Let’s understand the relationship between Container and Pod and what is Kubernetes application.
For an application to run on Kubernetes cluster, we Package the application as a container. Wrap the container in a Pod and finally deploy using the Manifest file.
We cannot run a container directly on a Kubernetes cluster, containers always run inside a pod. Pod is the atomic unit in the Kubernetes cluster just as container in the docker world
Pod is a wrapper that allows containers to run on Kubernetes. All we do is define a Pod and deploy it on a container. Consider an example of a chocolate. A chocolate is wrapped in a wrapper as it is not sold to consumer directly, similarly a container is wrapped and the product item becomes pod.
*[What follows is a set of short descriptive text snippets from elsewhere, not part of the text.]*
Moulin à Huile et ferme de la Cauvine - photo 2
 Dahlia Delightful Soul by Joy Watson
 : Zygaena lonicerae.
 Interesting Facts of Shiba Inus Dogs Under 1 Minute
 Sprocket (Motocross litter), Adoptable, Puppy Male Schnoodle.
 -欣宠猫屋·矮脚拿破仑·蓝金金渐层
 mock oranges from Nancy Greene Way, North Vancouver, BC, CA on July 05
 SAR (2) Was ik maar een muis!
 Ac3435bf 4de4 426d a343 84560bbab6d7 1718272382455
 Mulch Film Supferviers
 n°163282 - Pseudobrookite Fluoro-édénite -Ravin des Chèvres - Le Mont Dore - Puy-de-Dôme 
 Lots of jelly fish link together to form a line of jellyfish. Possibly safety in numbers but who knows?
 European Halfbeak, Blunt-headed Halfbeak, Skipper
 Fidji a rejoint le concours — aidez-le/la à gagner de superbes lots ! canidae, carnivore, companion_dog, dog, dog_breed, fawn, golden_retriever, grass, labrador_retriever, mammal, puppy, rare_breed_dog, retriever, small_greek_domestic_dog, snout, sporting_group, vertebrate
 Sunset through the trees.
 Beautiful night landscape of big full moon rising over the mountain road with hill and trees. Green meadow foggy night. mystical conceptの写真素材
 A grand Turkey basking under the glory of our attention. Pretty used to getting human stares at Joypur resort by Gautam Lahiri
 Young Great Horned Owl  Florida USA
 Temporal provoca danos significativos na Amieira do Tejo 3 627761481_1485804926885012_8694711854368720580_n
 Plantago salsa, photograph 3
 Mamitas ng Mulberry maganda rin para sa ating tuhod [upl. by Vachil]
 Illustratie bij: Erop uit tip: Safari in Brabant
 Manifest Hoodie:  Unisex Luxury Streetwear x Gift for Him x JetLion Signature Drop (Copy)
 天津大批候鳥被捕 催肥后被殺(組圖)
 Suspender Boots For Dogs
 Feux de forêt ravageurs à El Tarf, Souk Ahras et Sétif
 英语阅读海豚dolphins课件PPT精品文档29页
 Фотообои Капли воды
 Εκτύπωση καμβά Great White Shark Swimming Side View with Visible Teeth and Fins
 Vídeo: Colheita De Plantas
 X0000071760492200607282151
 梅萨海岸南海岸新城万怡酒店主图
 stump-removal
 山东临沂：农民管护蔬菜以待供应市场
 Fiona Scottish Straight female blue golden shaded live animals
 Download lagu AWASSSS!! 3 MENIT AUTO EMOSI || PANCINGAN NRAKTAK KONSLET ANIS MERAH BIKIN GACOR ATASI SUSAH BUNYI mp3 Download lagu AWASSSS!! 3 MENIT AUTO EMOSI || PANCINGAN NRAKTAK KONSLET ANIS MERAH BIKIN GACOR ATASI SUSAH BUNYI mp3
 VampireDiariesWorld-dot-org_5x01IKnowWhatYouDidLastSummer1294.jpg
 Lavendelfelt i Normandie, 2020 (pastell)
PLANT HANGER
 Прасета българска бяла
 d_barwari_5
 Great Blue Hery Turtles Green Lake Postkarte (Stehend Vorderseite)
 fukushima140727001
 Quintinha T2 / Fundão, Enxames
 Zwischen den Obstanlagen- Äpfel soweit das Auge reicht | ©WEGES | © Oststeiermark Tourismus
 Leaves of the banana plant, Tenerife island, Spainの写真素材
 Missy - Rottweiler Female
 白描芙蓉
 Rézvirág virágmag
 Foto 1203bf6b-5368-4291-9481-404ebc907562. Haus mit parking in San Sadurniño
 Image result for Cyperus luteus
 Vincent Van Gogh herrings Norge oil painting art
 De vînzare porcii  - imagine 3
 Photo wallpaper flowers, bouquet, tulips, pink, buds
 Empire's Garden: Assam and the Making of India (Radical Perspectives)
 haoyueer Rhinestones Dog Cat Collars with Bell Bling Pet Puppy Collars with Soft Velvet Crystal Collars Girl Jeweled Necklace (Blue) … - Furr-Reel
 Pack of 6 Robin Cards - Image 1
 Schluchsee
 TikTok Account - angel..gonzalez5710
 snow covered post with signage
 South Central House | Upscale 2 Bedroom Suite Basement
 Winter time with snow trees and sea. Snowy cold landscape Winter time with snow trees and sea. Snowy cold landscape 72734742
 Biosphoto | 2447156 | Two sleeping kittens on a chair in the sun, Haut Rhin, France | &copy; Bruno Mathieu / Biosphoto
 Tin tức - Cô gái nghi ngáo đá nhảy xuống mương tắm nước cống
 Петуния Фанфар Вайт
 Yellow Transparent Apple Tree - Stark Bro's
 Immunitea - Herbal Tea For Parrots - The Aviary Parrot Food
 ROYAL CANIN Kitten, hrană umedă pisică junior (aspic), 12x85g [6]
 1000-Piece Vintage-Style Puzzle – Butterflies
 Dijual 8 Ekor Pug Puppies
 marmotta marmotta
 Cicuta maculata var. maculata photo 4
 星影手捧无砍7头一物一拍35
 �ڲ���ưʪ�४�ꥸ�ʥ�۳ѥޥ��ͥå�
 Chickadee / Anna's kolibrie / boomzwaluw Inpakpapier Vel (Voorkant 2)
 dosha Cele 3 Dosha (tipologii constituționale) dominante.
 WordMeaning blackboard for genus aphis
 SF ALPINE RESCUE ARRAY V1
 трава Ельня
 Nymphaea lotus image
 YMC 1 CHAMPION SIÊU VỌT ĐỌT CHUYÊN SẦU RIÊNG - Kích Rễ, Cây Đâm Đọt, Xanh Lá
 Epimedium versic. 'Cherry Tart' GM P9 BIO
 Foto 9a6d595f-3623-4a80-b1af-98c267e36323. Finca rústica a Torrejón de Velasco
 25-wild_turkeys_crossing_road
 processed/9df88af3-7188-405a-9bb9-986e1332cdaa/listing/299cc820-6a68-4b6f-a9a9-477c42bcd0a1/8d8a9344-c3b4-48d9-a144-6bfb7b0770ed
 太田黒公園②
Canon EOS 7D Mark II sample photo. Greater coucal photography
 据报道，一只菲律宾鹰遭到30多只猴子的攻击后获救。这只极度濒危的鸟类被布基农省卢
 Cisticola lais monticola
A group of container is called a pod. It is a ring-fenced environment to run the containers. We ring-fence an area/slice of the host operating system and build a network stack, create namespace and run a container. It is similar to Cgroups of Linux server. CPU, RAM and IP address can only be defined at Pod level. Containers running in same Pod share environment like memory, volumes, network stack. All containers in the same Pod share the same ip address.